--- DATASET EXTRACT ---
╭──
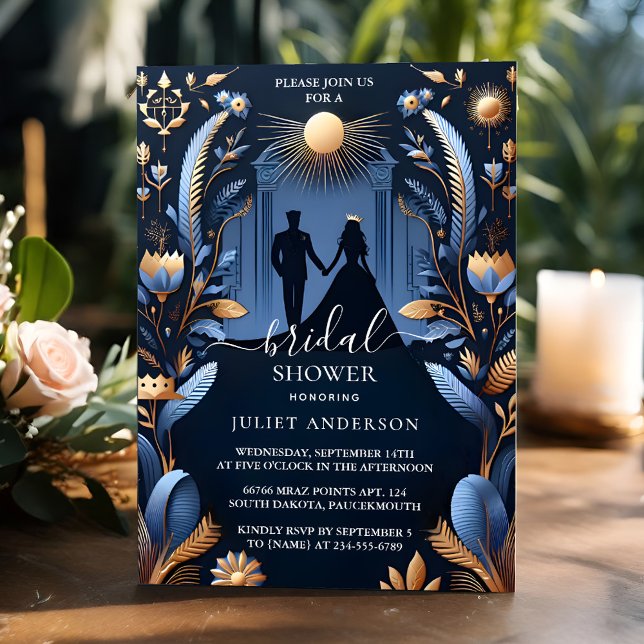 Invitación Nuevo lujo Fuchsia Crown Royal Blue Bridal Shower (Subido por el creador)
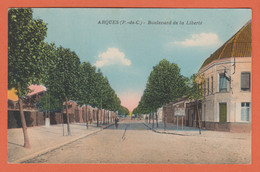 D62 - ARQUES - BOULEVARD DE LA LIBERTÉ - Cycliste - Calèche - Carte Colorisée - Arques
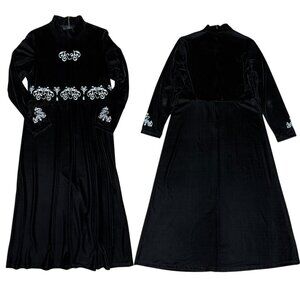 THE DISNEY CATALOG‎ Dress Black Velvet Velour Embroidered Mickey Mouse- L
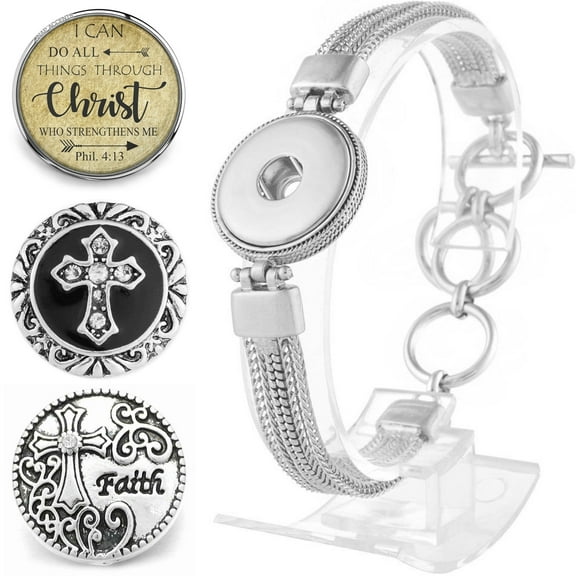 Snap Jewelry Set - 3 Faith Snap Charms, 1 Silver 9 in. Bracelet Bundle, Fits 18MM 20MM Ginger Charm Buttons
╰──
--- WORK TO COMPLETE ---
Only the lines from the one containing "THE DISNEY CATALOG‎" through the last line of the data above, both included, belong in the reply, each restated exactly and without pictures.

--- PROBLEM SOLUTION ---
 THE DISNEY CATALOG‎ Dress Black Velvet Velour Embroidered Mickey Mouse- L
 Snap Jewelry Set - 3 Faith Snap Charms, 1 Silver 9 in. Bracelet Bundle, Fits 18MM 20MM Ginger Charm Buttons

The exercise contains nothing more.